Feel free, to leave comment below this article.
1. Phase: PGN File Import
This phase is responsible for reading and preprocessing PGN chess games before they are imported into the database.
- Date Processing: The script reads PGN files from the source. It can split large files into smaller, more manageable “chunks” using `pgn-extract`. Existing chunks in the temporary directory are prioritized for reuse unless overwriting is forced.
- Data Extraction: For each game, important header information (such as players, date, event, site) and the move sequence are extracted.
- Cleaning and Normalization:
- Chessbase EVAL comments (`[%evp…]`) are automatically removed.
- Blank lines in the PGN text are normalized.
- Player names are comprehensively normalized and cleaned, including the removal of titles (GM, IM, etc.) and country codes.
- FIDE player data (ID, names, titles) from the `fide_players` table is integrated to enrich headers and enable more precise player assignment.
- Hash Calculation: Unique hashes are calculated for various aspects of the game:
- A hash for the entire game (`game_hash`).
- A hash for player pairs (`player_pair_hash`).
- A hash for the full move sequence (`moves_hash_full`).
- Partial move hashes (every 10 half-moves) and end-FENs at specific half-move counts (`moves_san_segment_hashes` and `end_fens_at_ply`).
- Metadata Detection: It is detected and stored whether the PGN text of the game contains comments or variations.

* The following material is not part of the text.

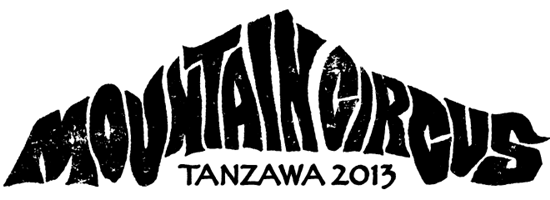 mc2_logo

- Date Handling: The script attempts to parse flexible date formats and calculate a quality score for the date. It can also prefer the `EventDate` if it has a higher quality.
- FEN Generation: The end-FEN of the game is calculated and a hash of it is stored.
2. Phase: Consolidated Player Pair Grouping
This phase is a crucial preprocessing step that groups games based on the similarity of player names.
- Fuzzy Name Comparisons: Games played by the logically same player pairs are grouped. This is done through fuzzy name comparisons using algorithms such as Jaro-Winkler and Monge-Elkan.
- Canonical ID Assignment: A `canonical_player_pair_id` is assigned to indicate that these games originate from the same player pairs, even if the names vary slightly. If the names differ too much, no assignment can be made here, and the game will likely be ignored during duplicate detection.
- Parallel Processing: The initial assignment of temporary IDs occurs in parallel in workers. The final consolidation and assignment of global IDs takes place in the main process to ensure quality. Workers identify equivalence classes of player names and send these relationships to the main process, which consolidates them globally.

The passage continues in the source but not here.